> **EXERCISE DETAILS**
Please write out exactly the line containing "Table 1 Description" below and every line after it, through the last one, but leave out any pictures.
DATA BLOCK Block Start
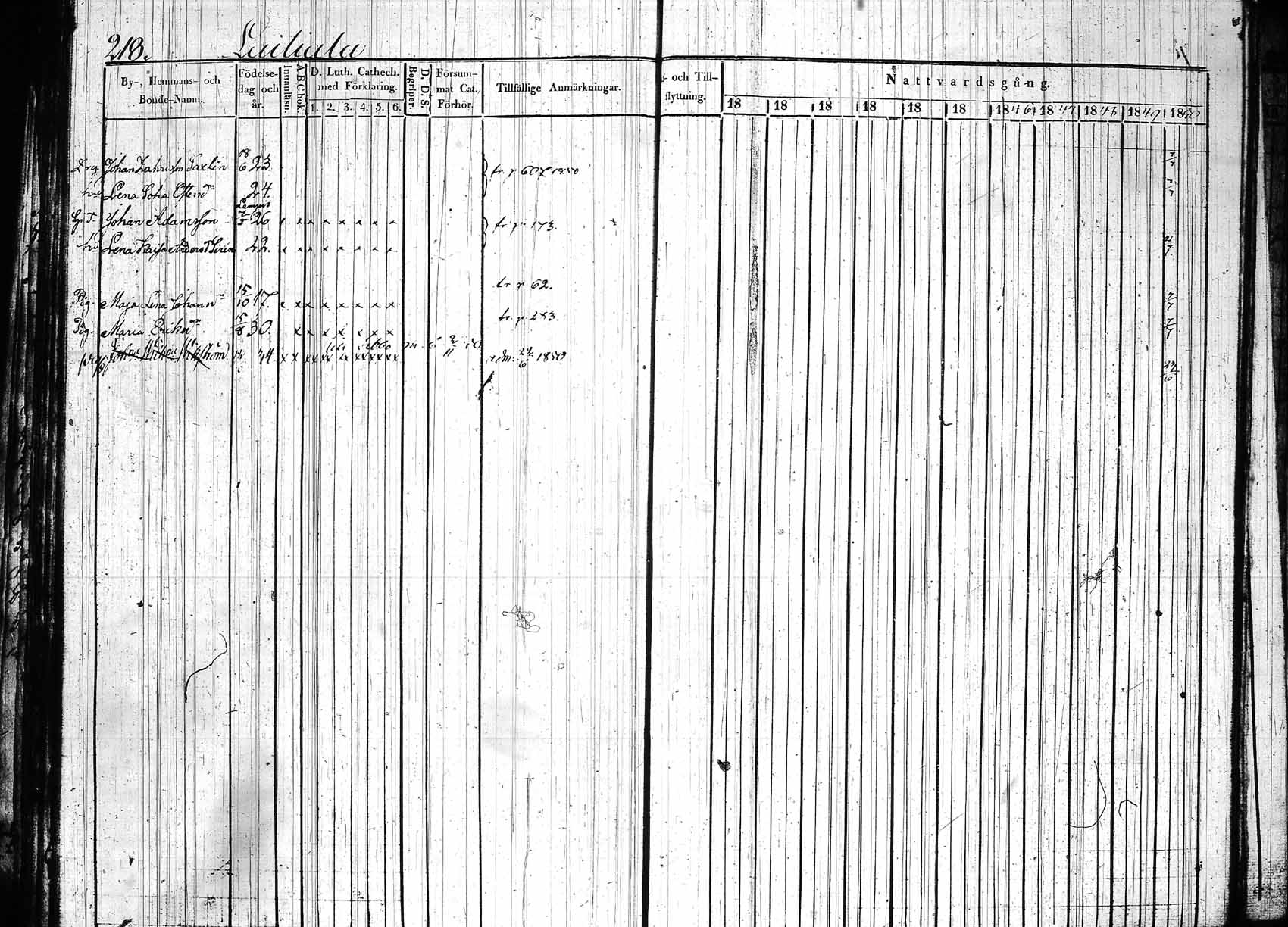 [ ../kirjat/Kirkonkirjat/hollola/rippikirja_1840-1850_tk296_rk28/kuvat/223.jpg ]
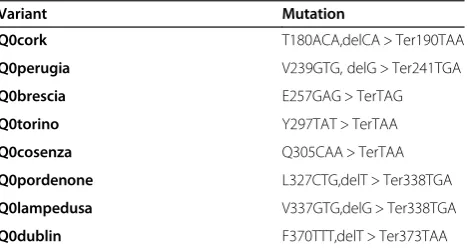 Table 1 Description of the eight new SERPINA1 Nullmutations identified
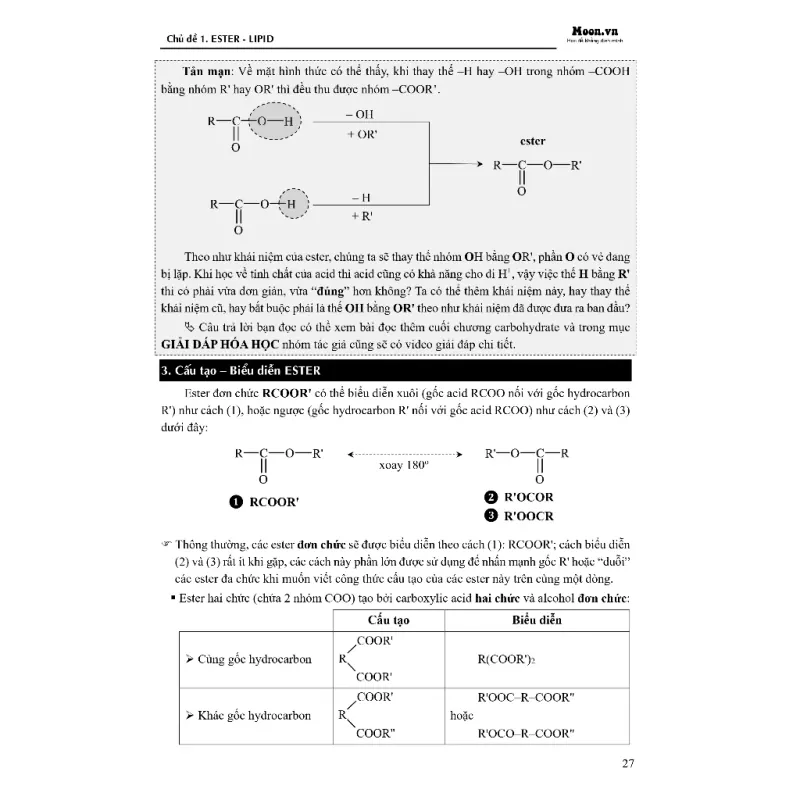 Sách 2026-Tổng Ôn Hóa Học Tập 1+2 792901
DATA BLOCK Block End
> **TASK OUTPUT**
 Table 1 Description of the eight new SERPINA1 Nullmutations identified
 Sách 2026-Tổng Ôn Hóa Học Tập 1+2 792901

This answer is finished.